Data listing
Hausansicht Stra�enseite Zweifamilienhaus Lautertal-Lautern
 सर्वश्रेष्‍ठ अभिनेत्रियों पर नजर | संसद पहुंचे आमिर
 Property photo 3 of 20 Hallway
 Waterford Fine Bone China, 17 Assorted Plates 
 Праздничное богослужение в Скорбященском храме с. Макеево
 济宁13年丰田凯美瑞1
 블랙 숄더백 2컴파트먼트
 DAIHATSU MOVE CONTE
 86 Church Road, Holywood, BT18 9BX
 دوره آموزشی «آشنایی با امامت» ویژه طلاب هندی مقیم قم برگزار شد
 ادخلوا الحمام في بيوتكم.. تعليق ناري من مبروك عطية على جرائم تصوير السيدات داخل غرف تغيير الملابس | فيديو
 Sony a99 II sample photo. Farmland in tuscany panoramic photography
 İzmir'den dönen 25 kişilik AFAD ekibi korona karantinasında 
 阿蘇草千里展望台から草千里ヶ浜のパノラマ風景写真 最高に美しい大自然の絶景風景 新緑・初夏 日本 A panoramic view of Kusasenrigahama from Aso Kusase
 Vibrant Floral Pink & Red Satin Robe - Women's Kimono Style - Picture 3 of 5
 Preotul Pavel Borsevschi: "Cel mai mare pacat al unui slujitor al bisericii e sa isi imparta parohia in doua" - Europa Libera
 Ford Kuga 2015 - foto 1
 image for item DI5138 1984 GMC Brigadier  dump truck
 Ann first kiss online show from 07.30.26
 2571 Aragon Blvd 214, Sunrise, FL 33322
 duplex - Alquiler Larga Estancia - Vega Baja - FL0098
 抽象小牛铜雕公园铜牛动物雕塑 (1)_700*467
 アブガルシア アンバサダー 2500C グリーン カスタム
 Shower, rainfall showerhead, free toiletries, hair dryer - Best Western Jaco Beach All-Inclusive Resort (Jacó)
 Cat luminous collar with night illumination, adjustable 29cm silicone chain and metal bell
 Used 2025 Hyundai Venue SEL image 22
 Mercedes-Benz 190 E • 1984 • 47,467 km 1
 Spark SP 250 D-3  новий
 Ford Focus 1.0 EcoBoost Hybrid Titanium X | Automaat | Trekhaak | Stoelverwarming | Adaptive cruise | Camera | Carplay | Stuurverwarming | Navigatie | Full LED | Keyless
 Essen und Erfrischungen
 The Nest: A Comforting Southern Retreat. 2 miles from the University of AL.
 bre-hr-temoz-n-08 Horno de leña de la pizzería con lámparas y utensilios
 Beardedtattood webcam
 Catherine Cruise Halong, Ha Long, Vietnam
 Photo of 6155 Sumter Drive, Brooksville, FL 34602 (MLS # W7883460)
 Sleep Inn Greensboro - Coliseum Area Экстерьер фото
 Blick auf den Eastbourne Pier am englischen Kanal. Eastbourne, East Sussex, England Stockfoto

Assignment
Determine the number of lines in the records that include the string "from", and respond with that number only.

Response box
3